## EXERCISE REQUIREMENTS
Lines from the one containing "Avalanche vs Red" to the end of the entries below must be reproduced exactly, with both end lines kept and no other line added.

## GIVEN DATA

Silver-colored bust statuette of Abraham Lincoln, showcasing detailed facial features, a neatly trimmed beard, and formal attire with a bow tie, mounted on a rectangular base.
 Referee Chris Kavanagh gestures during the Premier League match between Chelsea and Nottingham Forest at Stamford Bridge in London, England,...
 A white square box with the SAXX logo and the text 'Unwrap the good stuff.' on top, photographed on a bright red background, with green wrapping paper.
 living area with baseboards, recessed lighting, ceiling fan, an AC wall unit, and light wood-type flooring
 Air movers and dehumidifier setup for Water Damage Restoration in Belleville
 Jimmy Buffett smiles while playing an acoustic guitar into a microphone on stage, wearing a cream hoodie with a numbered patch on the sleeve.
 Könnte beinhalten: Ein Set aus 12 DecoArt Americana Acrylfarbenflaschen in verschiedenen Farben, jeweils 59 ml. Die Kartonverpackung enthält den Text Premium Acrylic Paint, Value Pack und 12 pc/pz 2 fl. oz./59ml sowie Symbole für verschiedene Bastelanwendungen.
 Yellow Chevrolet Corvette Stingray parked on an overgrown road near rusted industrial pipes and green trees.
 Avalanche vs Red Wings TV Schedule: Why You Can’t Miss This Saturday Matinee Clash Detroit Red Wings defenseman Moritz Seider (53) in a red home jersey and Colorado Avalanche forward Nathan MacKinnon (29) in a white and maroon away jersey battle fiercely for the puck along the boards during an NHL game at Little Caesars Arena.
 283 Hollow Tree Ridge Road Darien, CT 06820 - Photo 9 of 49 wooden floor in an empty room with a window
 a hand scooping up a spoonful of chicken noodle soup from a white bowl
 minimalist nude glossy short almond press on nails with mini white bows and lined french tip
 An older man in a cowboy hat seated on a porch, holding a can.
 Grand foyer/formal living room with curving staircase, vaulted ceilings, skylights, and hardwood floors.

## TASK RESPONSE
 Avalanche vs Red Wings TV Schedule: Why You Can’t Miss This Saturday Matinee Clash Detroit Red Wings defenseman Moritz Seider (53) in a red home jersey and Colorado Avalanche forward Nathan MacKinnon (29) in a white and maroon away jersey battle fiercely for the puck along the boards during an NHL game at Little Caesars Arena.
 283 Hollow Tree Ridge Road Darien, CT 06820 - Photo 9 of 49 wooden floor in an empty room with a window
 a hand scooping up a spoonful of chicken noodle soup from a white bowl
 minimalist nude glossy short almond press on nails with mini white bows and lined french tip
 An older man in a cowboy hat seated on a porch, holding a can.
 Grand foyer/formal living room with curving staircase, vaulted ceilings, skylights, and hardwood floors.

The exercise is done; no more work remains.